• [Listed records]
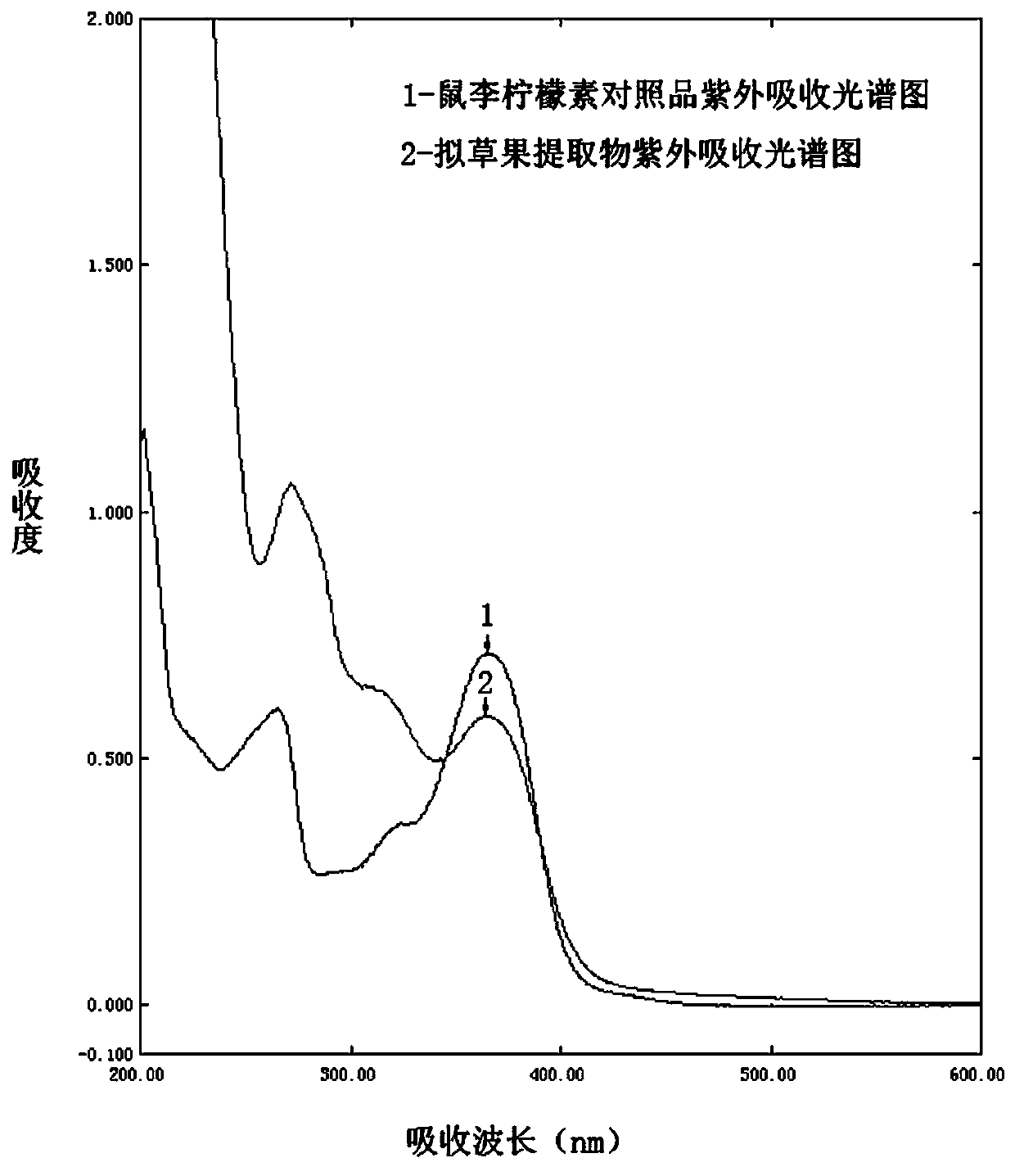 Quality detection method of total flavonoids extract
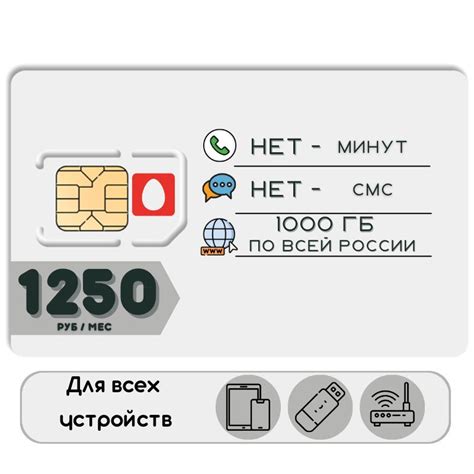 SIM-карта Сим карта Безлимитный интернет 1500 руб. в месяц для любых ...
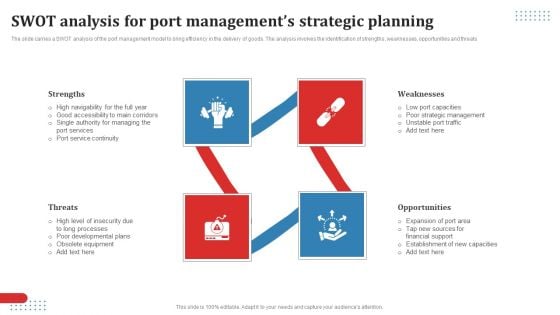 Swot Analysis For Port Managements Strategic Planning Ppt Inspiration Files PDF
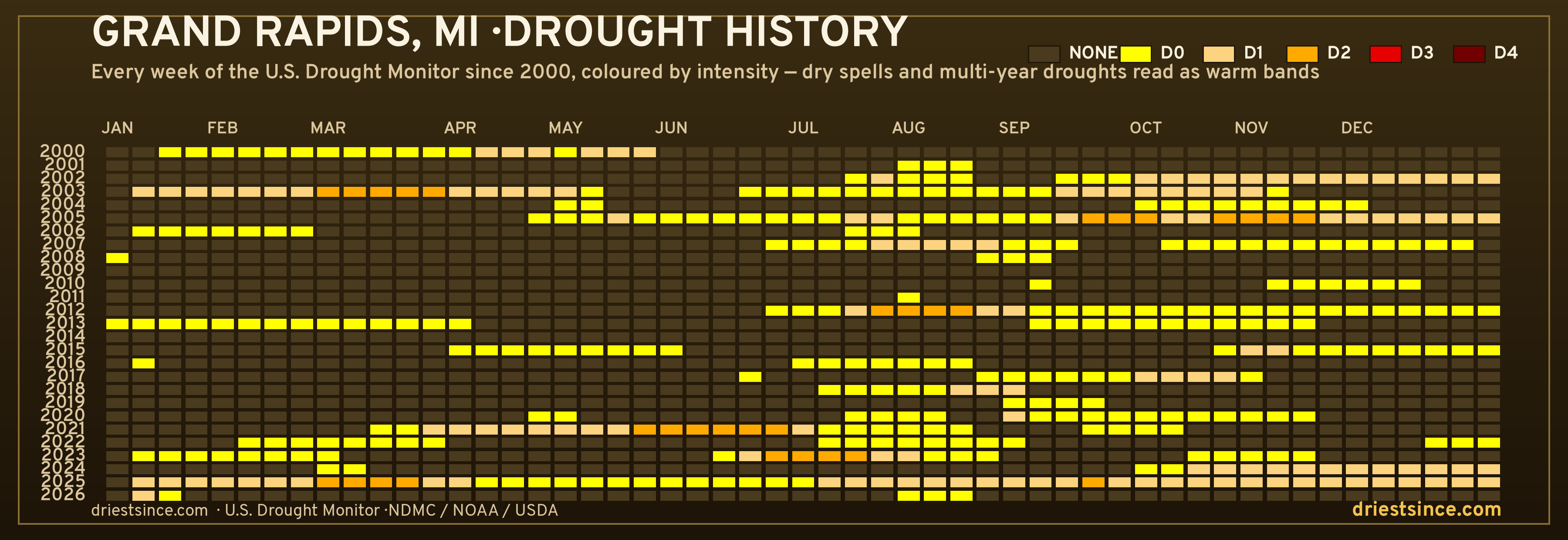 Grand Rapids, MI — county drought history since 2000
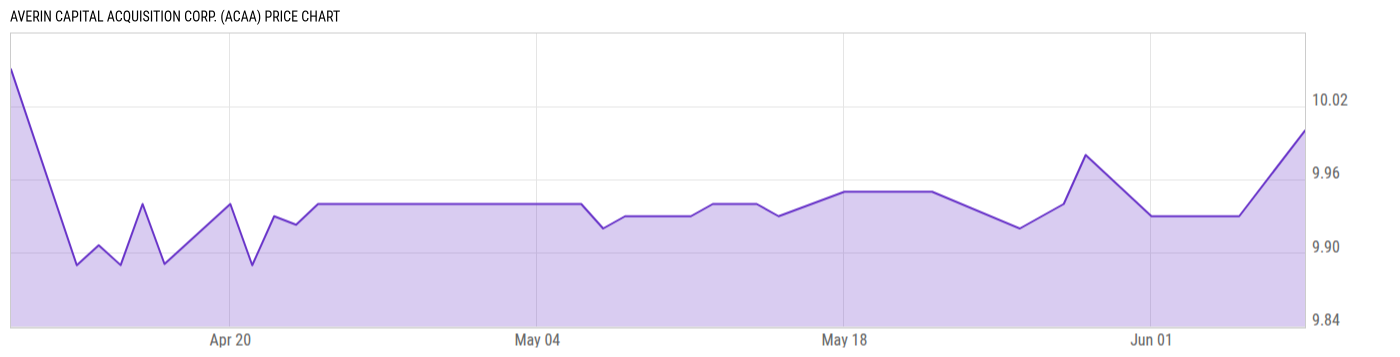 Price Chart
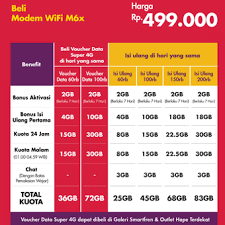 Daftar harga paket internet smartfren. Modem Wifi Smartfren Terbaru 2019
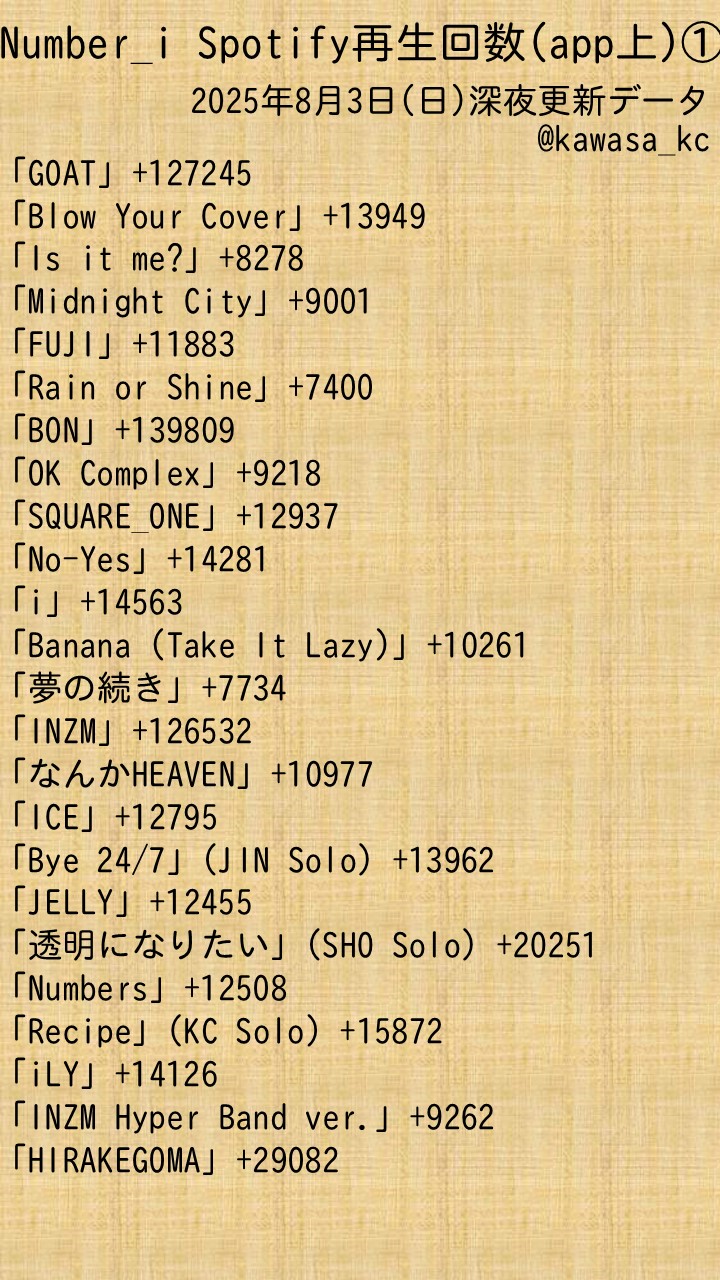 プロフィール一読 駿台 数学ZX 2020 後期 ☆ 004s0D : ブックスドリーム 学参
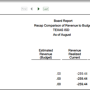 fin3050_board_reports_report.png
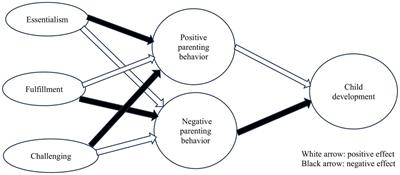 Impact of “intensive parenting attitude” on children’s social competence via maternal parenting behavior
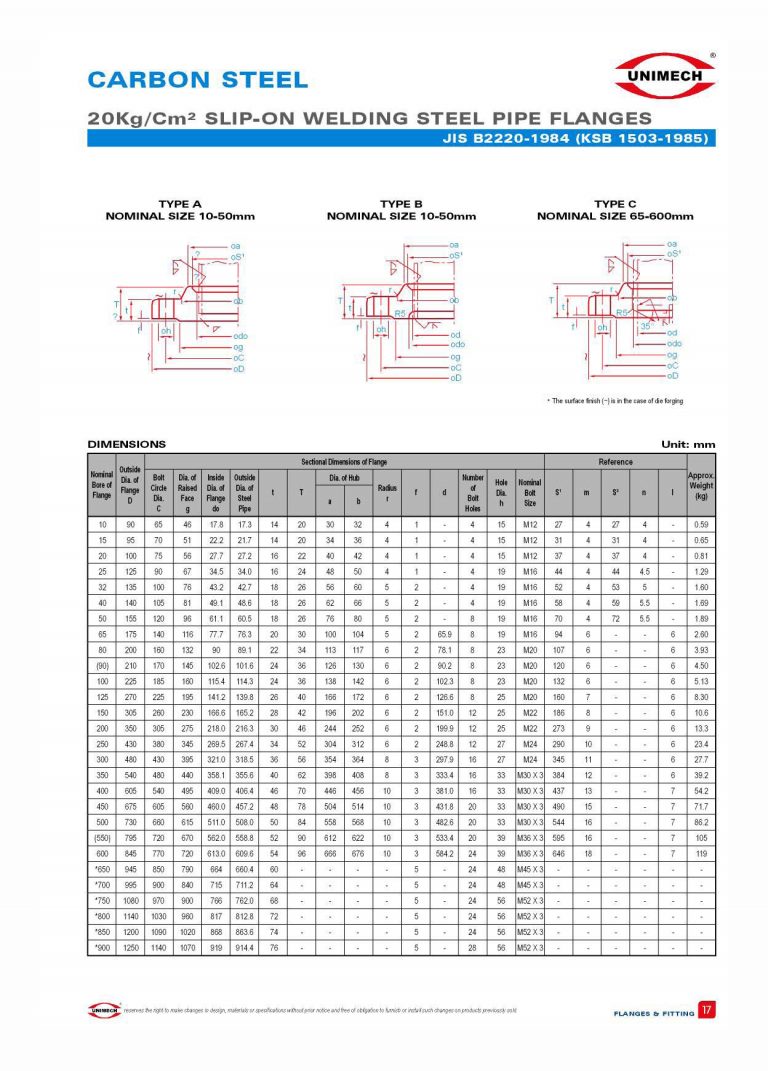 FLANGE CATALOG UNIMECH ENGINEERING (KL) SDN BHD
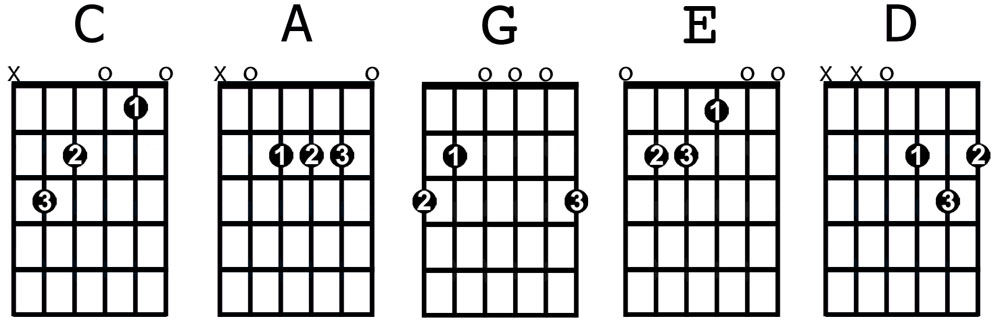 beginner guitar chords for easy songs C - A - G - E - D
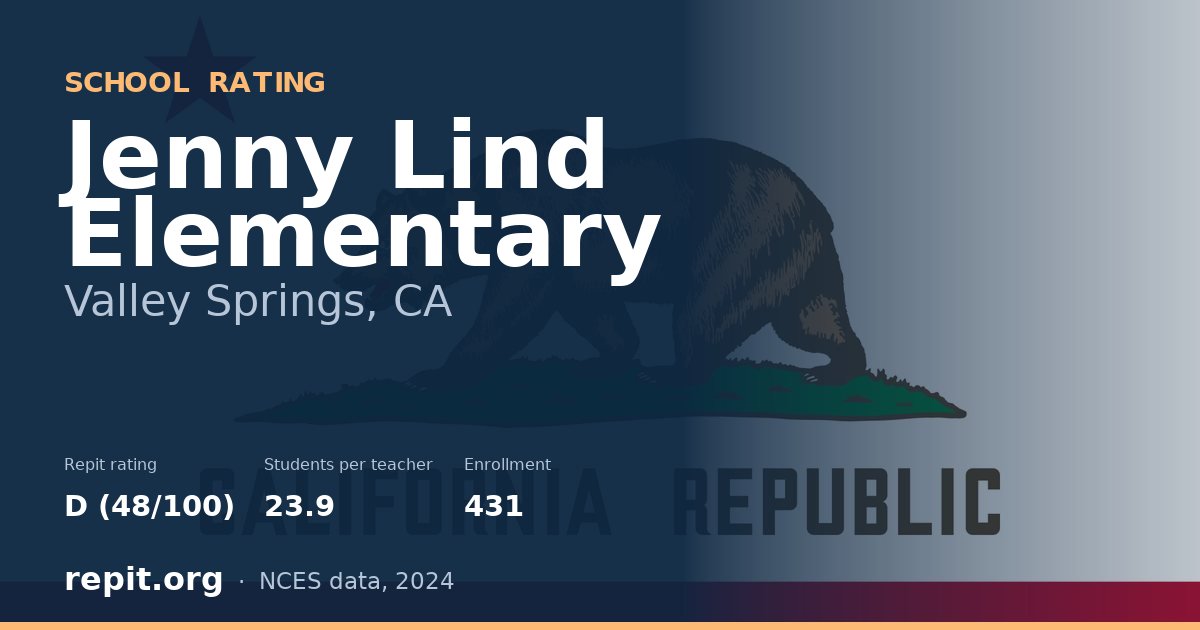 Jenny Lind Elementary, Valley Springs, CA — Repit school rating D (48/100)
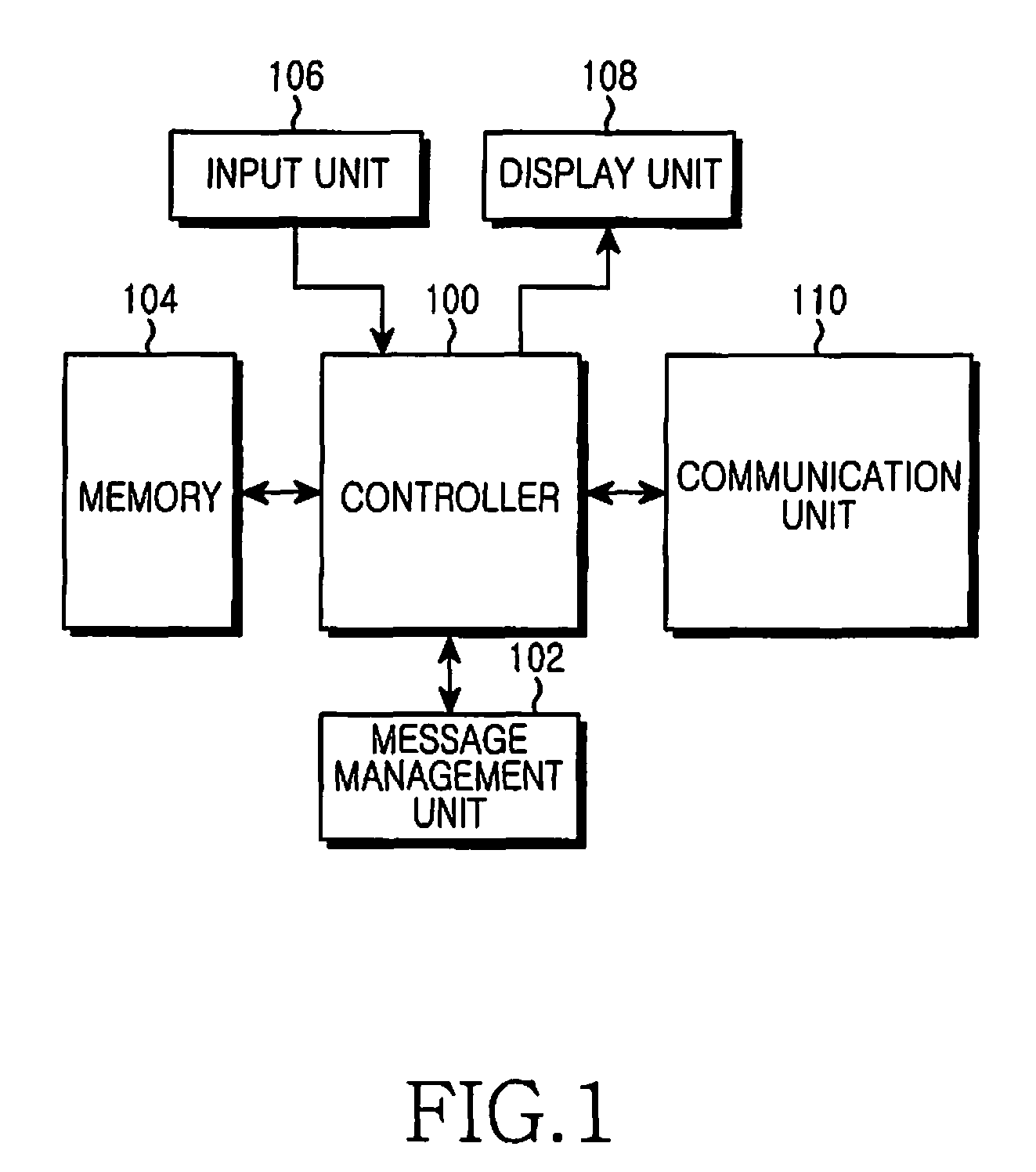 Method and apparatus for message management in portable communication system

• [What the task asks] Your copy of the entries must be exact and must not include any of their pictures.

• [Solution to the exercise]
 Quality detection method of total flavonoids extract
 SIM-карта Сим карта Безлимитный интернет 1500 руб. в месяц для любых ...
 Swot Analysis For Port Managements Strategic Planning Ppt Inspiration Files PDF
 Grand Rapids, MI — county drought history since 2000
 Price Chart
 Daftar harga paket internet smartfren. Modem Wifi Smartfren Terbaru 2019
 プロフィール一読 駿台 数学ZX 2020 後期 ☆ 004s0D : ブックスドリーム 学参
 fin3050_board_reports_report.png
 Impact of “intensive parenting attitude” on children’s social competence via maternal parenting behavior
 FLANGE CATALOG UNIMECH ENGINEERING (KL) SDN BHD
 beginner guitar chords for easy songs C - A - G - E - D
 Jenny Lind Elementary, Valley Springs, CA — Repit school rating D (48/100)
 Method and apparatus for message management in portable communication system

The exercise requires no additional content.